SPARC

SPARC (from Scalable Processor Architecture) is a RISC instruction set architecture (ISA) developed by Sun Microsystems and introduced in mid-1987.

SPARC is a registered trademark of SPARC International, Inc., an organization established in 1989 to promote the SPARC architecture, manage SPARC trademarks, and provide conformance testing. Implementations of the original 32-bit SPARC architecture were initially designed and used in Sun's Sun-4 workstation and server systems, replacing their earlier Sun-3 systems based on the Motorola 68000 family of processors. Later, SPARC processors were used in SMP and CC-NUMA servers produced by Sun Microsystems, Solbourne and Fujitsu, among others, and designed for 64-bit operation.

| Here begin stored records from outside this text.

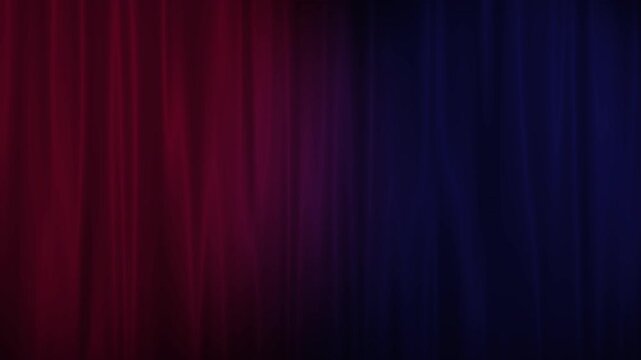 red vs blue half & half split two tone curtain lighting with red & blue duotone corners ambient spotlight vignette lighting effects & a cinematic feel of two colours in opposition 4K mood background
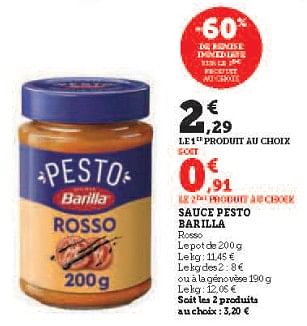 Promotions Sauce pesto barilla - Barilla - Valide de 16/05/2023 à 28/05/2023 chez Super U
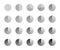 Circle chart in shades of gray colors. Round section graph. Pie diagram template. Circular structure divided into pieces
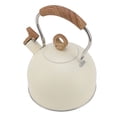 thumbnail image 2 of Tetera silbante de acero inoxidable de 2,5 litros con asa para cocina eléctrica y de gas, color beige, 2 of 14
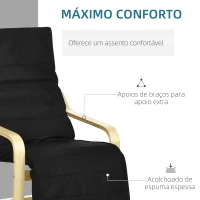 HOMCOM Poltrona Relax com Apoio para os Pés Ajustáveis Poltrona Estofada em Tecido com Estrutura de Madeira 66,5x94x100 cm Preto(m-5)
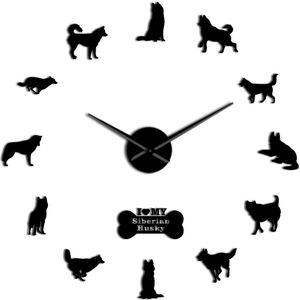 Siberische Husky Russische Hond Ras Diy Grote Wandklok Sibirskiy Haski Zelfklevende Sticker Diy Giant Wall Art Home Decor horloge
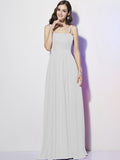 Sheath/Column Spaghetti Straps Sleeveless Pleats Long Chiffon Bridesmaid Dresses TPP0005447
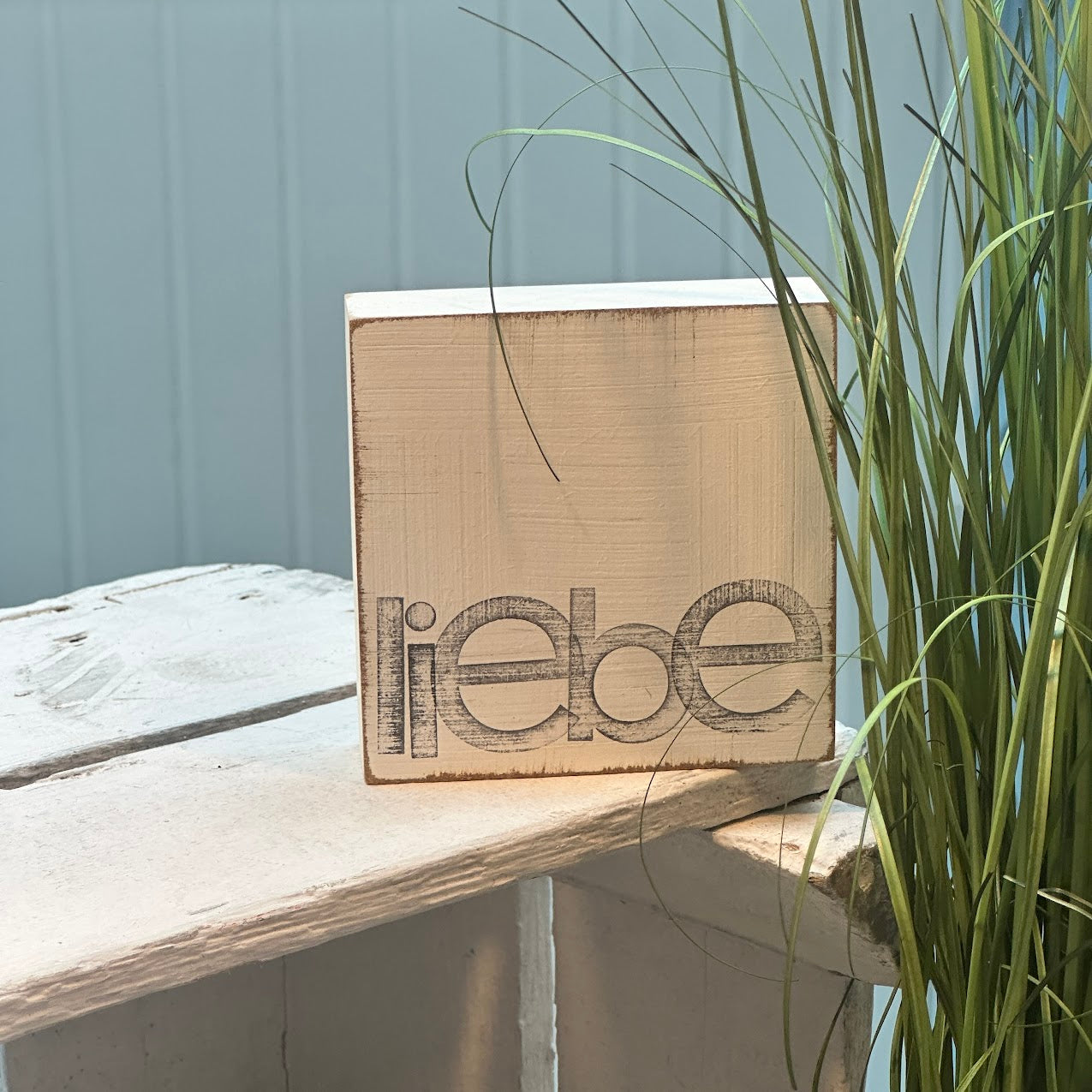 iopla Textplatte 10x10cm mit Aufschrift LIEBE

SPARC International was intended to open the SPARC architecture to make a larger ecosystem for the design, which has been licensed to several manufacturers, including Texas Instruments, Atmel, Cypress Semiconductor, and Fujitsu. As a result of SPARC International, the SPARC architecture is fully open and non-proprietary.

In March 2006 the complete design of Sun Microsystems' UltraSPARC T1 microprocessor was released in open-source form at OpenSPARC.net and named the OpenSPARC T1. In 2007 the design of Sun's UltraSPARC T2 microprocessor was also released in open-source form as OpenSPARC T2.

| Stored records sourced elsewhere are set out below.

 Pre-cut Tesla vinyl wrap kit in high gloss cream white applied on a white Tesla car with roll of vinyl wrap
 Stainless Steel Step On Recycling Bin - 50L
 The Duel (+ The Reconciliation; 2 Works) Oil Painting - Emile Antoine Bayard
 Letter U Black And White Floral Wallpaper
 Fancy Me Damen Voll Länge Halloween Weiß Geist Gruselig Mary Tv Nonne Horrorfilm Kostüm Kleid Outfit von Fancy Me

The most recent commercial iterations of the SPARC processor design are the Fujitsu Laboratories Ltd.'s "Venus" 128 GFLOP SPARC64 VIIIfx introduced June 2009, which is used in the 8 petaFLOPS Japanese supercomputer "K computer", and the SPARC T4 introduced by Oracle Corporation in September 2011; both are 8 core devices running at 2.0GHz and over 2.5GHz respectively.

SPARC64 X was introduced in August 2012.